Effective Teaching Methods
The best way to teach is to create pleasurable experiences that caters to all learning styles (auditory, visual or kinesthetic); not all learners are able to grasp information by reading from a book. Introducing new information can open multiple entry points that can be triggered by interests, prior knowledge or past experiences. As educators, we must create multiple solution paths so that learners can create relatable learning experiences. When information seems more relevant or relatable, it tends to stay longer in their long-term memory. Knowledge is both intuitive and unconstructed, but it can be developed through collaboration, repetition and perseverance; hence, the importance of learning and adjusting to new learning strategies.
Cognitive constructivism would be the theory that is closely related to my examples. This theory suggests that humans must build their own knowledge based on their experiences. Jean Piaget’s cognitive theory states that “humans cannot be given information, which they immediately understand and use; instead, humans must construct their own knowledge” (Piaget, 1953). Knowledge can be formed by individuals who take their own initiatives and adapt oneself in the environment. Educators must create an authentic learning environment where students can engage and share their knowledge freely to become active participants in their own learning. Bloom’s taxonomy (Bloom et al., 1956) is a great example which helps aid student learning and assessments by creating a set of learning objectives and classroom activities. This framework describes three models (cognitive, psychomotor and affective) used to assess learning in different varieties of cognitive levels (Crompton, Bruke, & Lin, 2018). Most curriculum developers use this as a basis for most instructional design. Having a goal and understanding the needs for instruction can be a good basis for motivation; learners would then have knowledge of what to expect during instruction.

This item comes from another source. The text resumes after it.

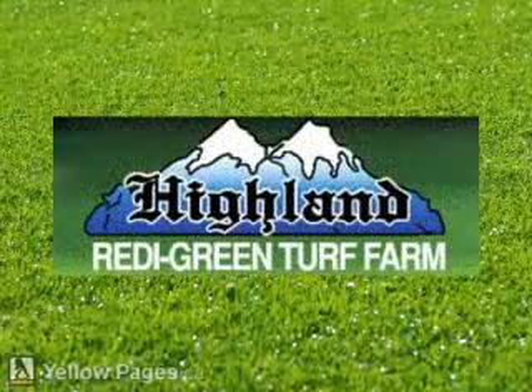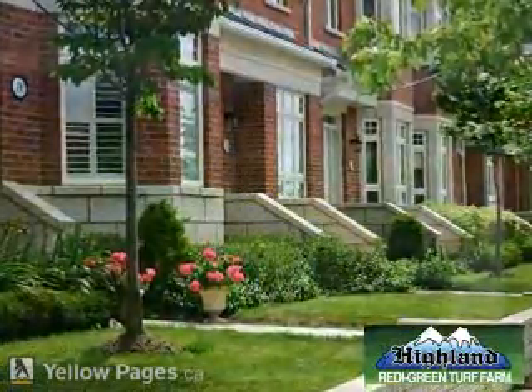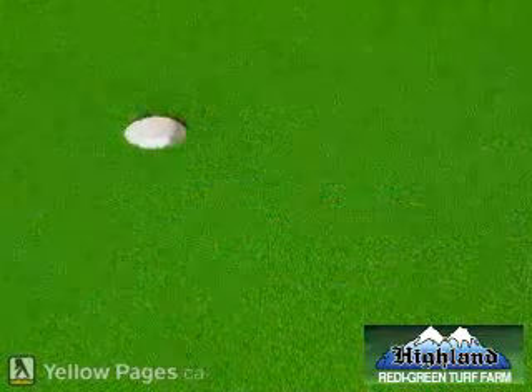Highland Ready Green Turf Farm has been in the turf business for 18 years in British Columbia, and we know turf. We produce, deliver, and install quality low-maintenance sod for small or large jobs, from your backyard lawn to entire sports fields and golf courses.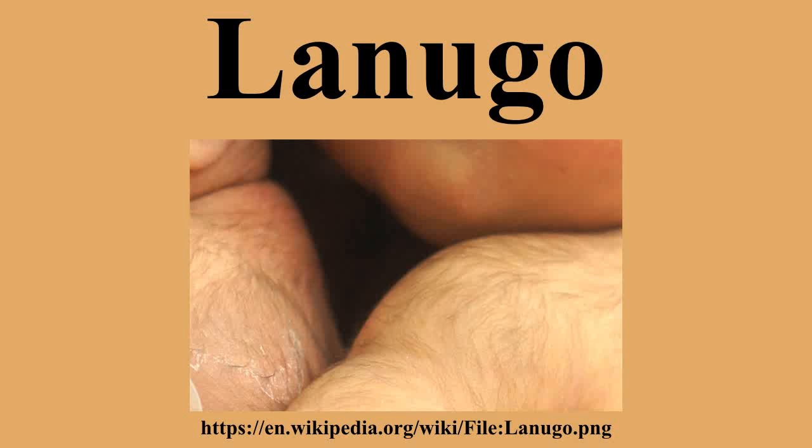It disappears on its own within a few weeks. It is replaced by hair covering the same surfaces, which is called vellus hair. This hair is thinner and more difficult to see. The more visible hair that persists into adulthood is called terminal hair. It forms in specific areas and is a hormone-dependent occurrence.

In conclusion, I believe that culture and accumulation of experiences are the main factors of how people learn. Over time, people tend to discover their own learning styles and adapt to overcome barriers that they may encounter as they move forward. As educators, we should strive to make learning applicable to real-world experiences making lessons universal, challenging, and will enhance the retrieval of knowledge in the future.
Bloom, B., Englehart, M., Furst, E., Hill, W., & Krathwohl, D. (1956). Taxonomy of educational objectives: The classification of educational goals. Handbook I: Cognitive domain. New York: Longman.
Crompton, H., Bruke, D., & Lin, Y.-C. (2018, September 17). Mobile learning and student cognition: A systematic review of PK‐12 research using Bloom’s Taxonomy. British Journal of Educational Technology, 50(2), 684-701. Retrieved from https://libproxy.library.unt.edu:2147/10.1111/bjet.12674
Gilboa, A., & Marlatte, H. (2017, August). Trends in Cognitive Science. Retrieved from Science Direct: https://libproxy.library.unt.edu:2142/science/article/pii/S1364661317300864?via%3Dihub
Piaget, J. (1953). To understand is to invent. New York: Grossman (French: Ou va I’education?, 1948).
Ryan, R. M., & Deci, E. L. (2000, January). Intrinsic and Extrinsic Motivations: Classic Definitions and New Directions. Contemporary Educational Psychology, 25(1), 54-67.